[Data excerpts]
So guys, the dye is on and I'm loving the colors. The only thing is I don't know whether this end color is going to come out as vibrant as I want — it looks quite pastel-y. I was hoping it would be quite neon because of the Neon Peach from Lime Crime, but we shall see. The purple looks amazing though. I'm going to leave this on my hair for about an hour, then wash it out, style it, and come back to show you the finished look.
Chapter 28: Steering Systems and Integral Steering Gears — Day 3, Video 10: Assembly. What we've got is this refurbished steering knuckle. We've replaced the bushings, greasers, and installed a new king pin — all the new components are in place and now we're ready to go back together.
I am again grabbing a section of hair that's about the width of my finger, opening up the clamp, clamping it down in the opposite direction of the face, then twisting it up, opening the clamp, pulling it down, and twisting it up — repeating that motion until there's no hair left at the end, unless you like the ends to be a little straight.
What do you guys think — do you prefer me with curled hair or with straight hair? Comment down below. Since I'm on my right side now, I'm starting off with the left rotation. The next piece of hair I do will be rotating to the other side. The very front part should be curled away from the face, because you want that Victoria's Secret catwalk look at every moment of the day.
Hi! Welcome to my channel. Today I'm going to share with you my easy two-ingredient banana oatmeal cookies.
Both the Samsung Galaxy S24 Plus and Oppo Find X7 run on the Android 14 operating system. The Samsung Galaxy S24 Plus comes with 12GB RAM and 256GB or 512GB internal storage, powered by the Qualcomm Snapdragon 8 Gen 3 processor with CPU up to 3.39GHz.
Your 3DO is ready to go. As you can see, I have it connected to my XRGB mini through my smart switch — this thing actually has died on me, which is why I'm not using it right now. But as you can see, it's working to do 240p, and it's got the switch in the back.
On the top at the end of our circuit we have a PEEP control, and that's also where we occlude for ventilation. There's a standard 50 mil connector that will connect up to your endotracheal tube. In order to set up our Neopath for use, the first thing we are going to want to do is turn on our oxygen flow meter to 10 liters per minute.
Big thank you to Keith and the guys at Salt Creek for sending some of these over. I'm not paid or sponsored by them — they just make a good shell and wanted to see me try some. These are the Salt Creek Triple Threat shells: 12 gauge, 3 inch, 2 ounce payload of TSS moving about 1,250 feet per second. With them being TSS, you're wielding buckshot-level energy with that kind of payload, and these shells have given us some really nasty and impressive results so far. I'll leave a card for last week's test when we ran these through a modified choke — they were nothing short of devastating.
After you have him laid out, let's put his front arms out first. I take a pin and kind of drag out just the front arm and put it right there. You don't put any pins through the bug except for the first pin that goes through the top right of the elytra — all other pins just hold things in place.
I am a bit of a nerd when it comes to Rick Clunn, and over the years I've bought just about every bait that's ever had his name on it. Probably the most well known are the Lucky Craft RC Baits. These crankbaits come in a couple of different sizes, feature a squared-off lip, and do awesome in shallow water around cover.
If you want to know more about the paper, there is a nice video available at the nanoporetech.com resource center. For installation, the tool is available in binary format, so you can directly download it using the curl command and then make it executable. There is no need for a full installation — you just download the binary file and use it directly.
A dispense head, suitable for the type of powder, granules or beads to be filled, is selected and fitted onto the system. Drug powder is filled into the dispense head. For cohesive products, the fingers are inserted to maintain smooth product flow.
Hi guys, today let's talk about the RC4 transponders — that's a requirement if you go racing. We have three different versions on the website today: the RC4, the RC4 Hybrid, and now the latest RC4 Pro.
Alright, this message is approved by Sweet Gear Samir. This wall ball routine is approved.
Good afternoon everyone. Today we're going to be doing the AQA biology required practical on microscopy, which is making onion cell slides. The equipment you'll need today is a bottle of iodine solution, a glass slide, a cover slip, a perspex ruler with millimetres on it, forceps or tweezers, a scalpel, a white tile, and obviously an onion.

◆ Instructions to follow: Extract every line from the one with "I am a bit of" down to the final line above, both included, exactly as written.

◆ Problem solution:
I am a bit of a nerd when it comes to Rick Clunn, and over the years I've bought just about every bait that's ever had his name on it. Probably the most well known are the Lucky Craft RC Baits. These crankbaits come in a couple of different sizes, feature a squared-off lip, and do awesome in shallow water around cover.
If you want to know more about the paper, there is a nice video available at the nanoporetech.com resource center. For installation, the tool is available in binary format, so you can directly download it using the curl command and then make it executable. There is no need for a full installation — you just download the binary file and use it directly.
A dispense head, suitable for the type of powder, granules or beads to be filled, is selected and fitted onto the system. Drug powder is filled into the dispense head. For cohesive products, the fingers are inserted to maintain smooth product flow.
Hi guys, today let's talk about the RC4 transponders — that's a requirement if you go racing. We have three different versions on the website today: the RC4, the RC4 Hybrid, and now the latest RC4 Pro.
Alright, this message is approved by Sweet Gear Samir. This wall ball routine is approved.
Good afternoon everyone. Today we're going to be doing the AQA biology required practical on microscopy, which is making onion cell slides. The equipment you'll need today is a bottle of iodine solution, a glass slide, a cover slip, a perspex ruler with millimetres on it, forceps or tweezers, a scalpel, a white tile, and obviously an onion.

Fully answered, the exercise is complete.